Mike: I think you’re asking about what kind of conversations do we need to be having, and where could these be taking place? I’m working on a project with Clint Enns, a young fringe maker from Winnipeg, who feels he has dropped into a city that is divided and sectarian. The programmers have already made up their minds and deport themselves quite apart from “the community.” What did he say? “It’s 1989 all over again.” Oh, I hope it’s not true. Does the Images Festival, or any festival, provide a place for real dialogue to happen, or even unreal dialogue? The most helpful exchanges I have are with friends when we’re showing each other works-in-progress. It is blunt and intimate and exciting, there’s nothing like it. I wonder where are the twentysomethings interested in the field? Why do I recognize so many faces when I go to screenings? Some of the current scene feels very old fashioned to me, the kinds of movies that are shown would have been very much at home at the Funnel in the early 1980s, and while I am not big on progress narratives, that was a moment when so little work had been shown, whereas now so much has been put on view, surely priorities have shifted. Or has the avant-garde been reproduced as a new form of nostalgia?

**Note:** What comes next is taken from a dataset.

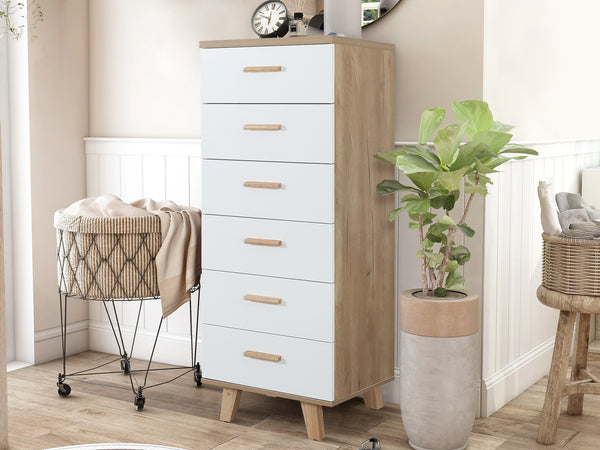 Alton Slim Tallboy 6 Drawers - Natural + White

Jane: Festivals are also in a state of flux — the move between theatrical or gallery settings and online explorations may be inevitable. Some people question the future of festivals particularly if they move away from a shared public theatrical experience. Do you see the future of festivals in jeopardy in any way?

Mike: What does the crystal ball say? Will they live or die? At the current moment we are seeing a new frontier of monopoly capitalism take hold of the internet. One can imagine that their aims will be different than the interests of fringe media festivals. And what of the entire artist-run centre experience? In its earliest incarnations, it existed as a kind of proto-internet, a web of interrelated spaces and interactions. But these interconnectivities have been swapped out for social media posts and whatever tech interfaces lie beyond them. Not to mention a looming, devastating climate crisis. Now that the old dream of the revolution has been realized: that everyone will have the means of reproduction, what will we do with them? What kinds of worlds will we imagine from the frontiers of the new lives these tools will make possible? My greatest failure at the Images Festival was that I didn’t understand that what resided in the middle of the frame are not pictures but people. What was important was building places where people could interact, and this didn’t require more programming. Our lives are already too filled with programming. We need spaces that are not programmed, so that we can perform useless activities and have undirected conversations. Where can we go to practice what we don’t know, instead of our certainties? And now that we have swallowed the anti-time machines of the personal computer, where will we find the time? Where has all our time gone?